The result is a more balanced thesis. The 2026 revenue base looks reasonably supported. The 2026 margin base, not yet.

Conclusion

Orad’s solar profitability improvement in 2025 was real, but it was much more project-driven than a first read might suggest. The money came first from higher installation volume and from better operating leverage, not from a clean pivot toward a higher-quality, maintenance-heavy mix.

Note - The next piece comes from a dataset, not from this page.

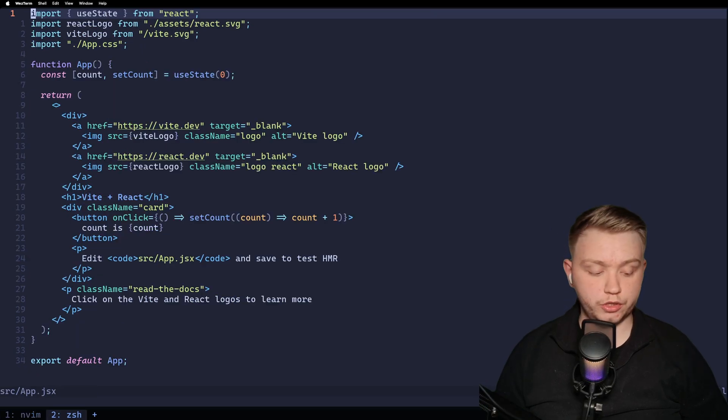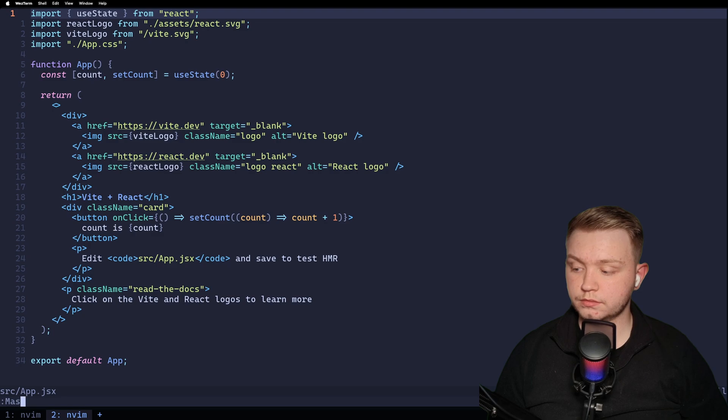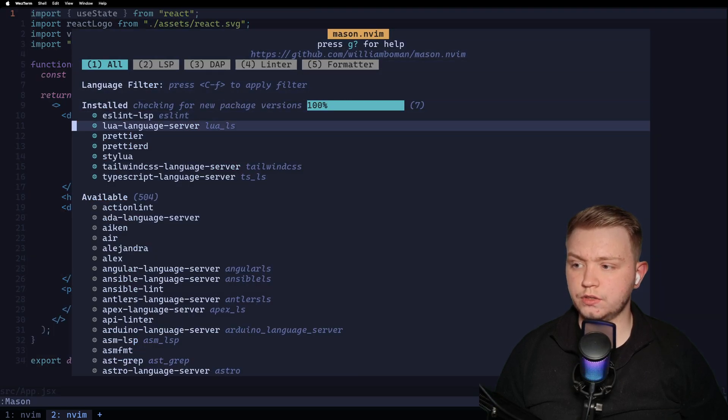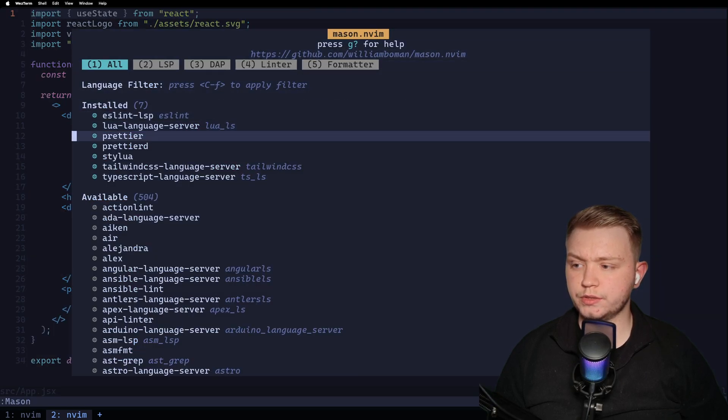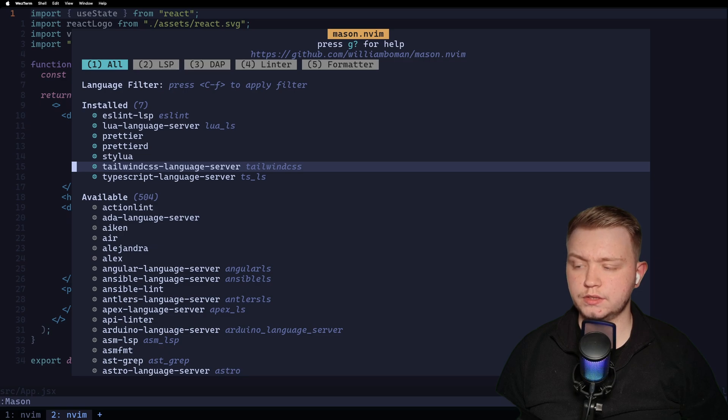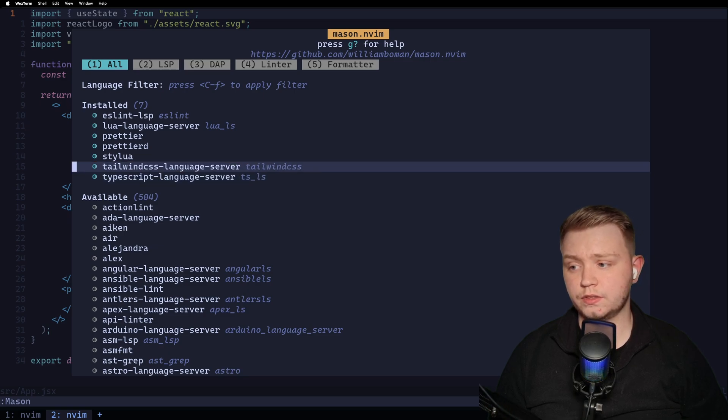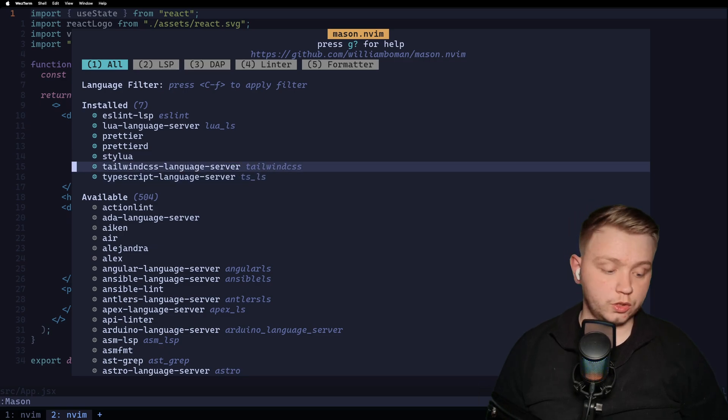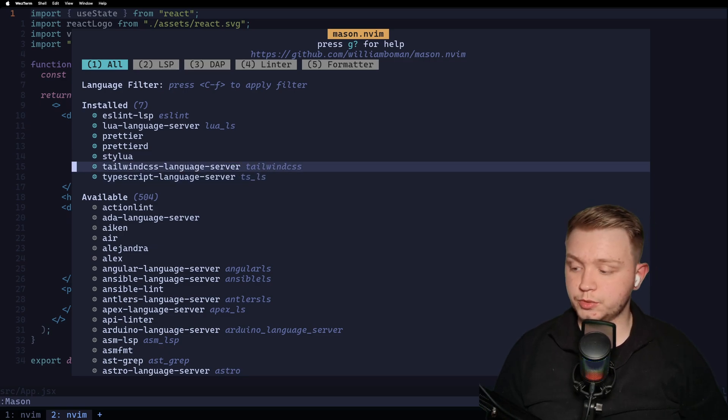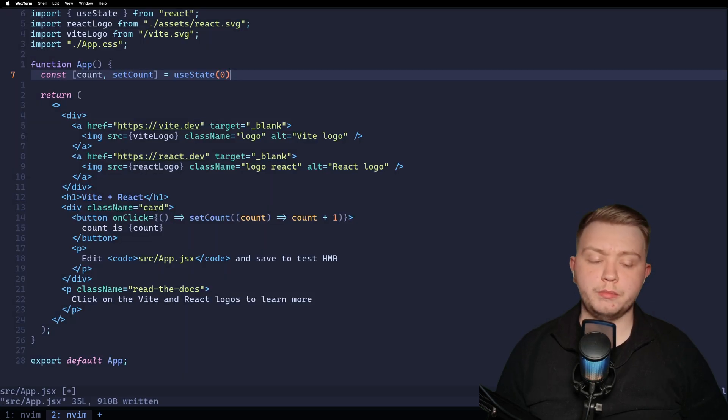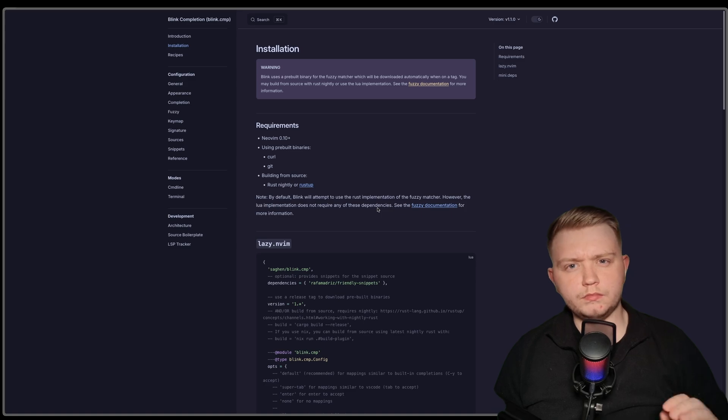Now, what you want to do is you want to do colon Mason. And you want to make sure you've got ESLint installed, you've got Pritry installed, and you've got Tailwind installed. And TSLS. So all you have to do is press the slash and search for them servers. So if I remove this semicolon, ESLint is immediately going to kick in.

Maintenance, the long-standing customer base and the SolarPower merger gave the segment an important support layer. They explain why the improvement does not look purely accidental, and they are also the reason 2026 does not start from zero. But the filing still does not fully prove that a 13.6% segment gross margin is the new steady state.

The right way to read 2026, then, is not as an automatic breakout year but as a proof year for the solar economics. If the NIS 41.8 million backlog converts without price erosion, if maintenance revenue continues to expand around the 129 MW base, and if integration starts showing up in the numbers without relying on good timing, then 2025 will look like a structural shift. If not, it will look in hindsight like one particularly strong execution year.